My on-line diary began in the 1990's from my studio in the North of England. After a lapse of ten years, I resumed posting from my present studio on the Caribbean island of Dominica.

From the far beginning, the intention has been to give an insight into my working methods, and to share the triumphs, trials and tribulations of work-in-progress.

My diary pages are followed by thousands of artists, art students and art lovers in over 50 countries.

Sunday, December 15, 2013


Between sessions, my most recent model is studying Business Management.  Last week, as part of her course work, she had to make a presentation on the subject of teamwork.  For her topic, she cited the artist and model as one of her examples.
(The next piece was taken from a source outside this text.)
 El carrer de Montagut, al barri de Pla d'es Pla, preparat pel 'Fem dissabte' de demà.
Her choice speaks volumes about her understanding of the crucial role of the model.  Furthermore, it set me thinking about a host of others who have contributed their skills to the sculptor’s work.  

Not least on the list are those master craftsmen who for centuries have made the tools for the job.  This link will give you glimpse of what’s involved.  Then comes the moulders, who job is to take the initial waste-mould and then the intricate piece-mould.  And finally, the multiple skills of the foundry workers. 
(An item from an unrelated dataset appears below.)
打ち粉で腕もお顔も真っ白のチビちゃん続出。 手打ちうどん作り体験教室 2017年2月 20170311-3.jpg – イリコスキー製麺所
Over the years I have been privileged to share the work of these incredibly accomplished artisans.  Sadly their numbers are in decline and there is an urgent need to train future generations before their skills are lost forever. 
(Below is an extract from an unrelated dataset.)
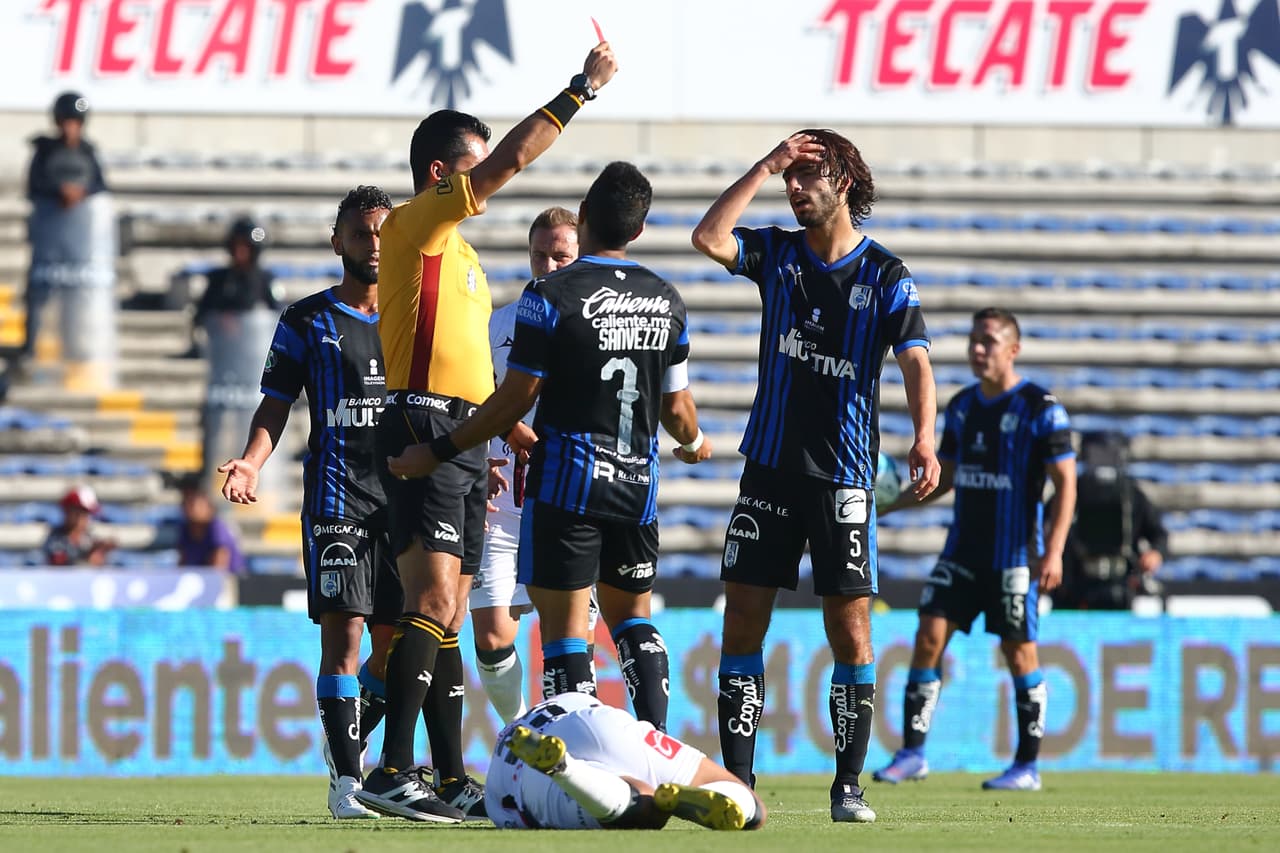 El mediocampista Víctor Milke (centro, derecha) vio la roja directa y por ello Querétaro quedó con 10 hombres desde el minuto 39.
To make full-circle, let me come back to the contribution of the model.  From a life-time’s practice I’ve learnt to make my own tools and take my own moulds.  Given a furnace, I can cast in bronze.  But without a model, sympathetic to the work at hand, I can’t even begin.

Today’s sketch shows one of my models relaxing between sessions and I dedicate it to all of those who have worked behind the scenes to make my work possible.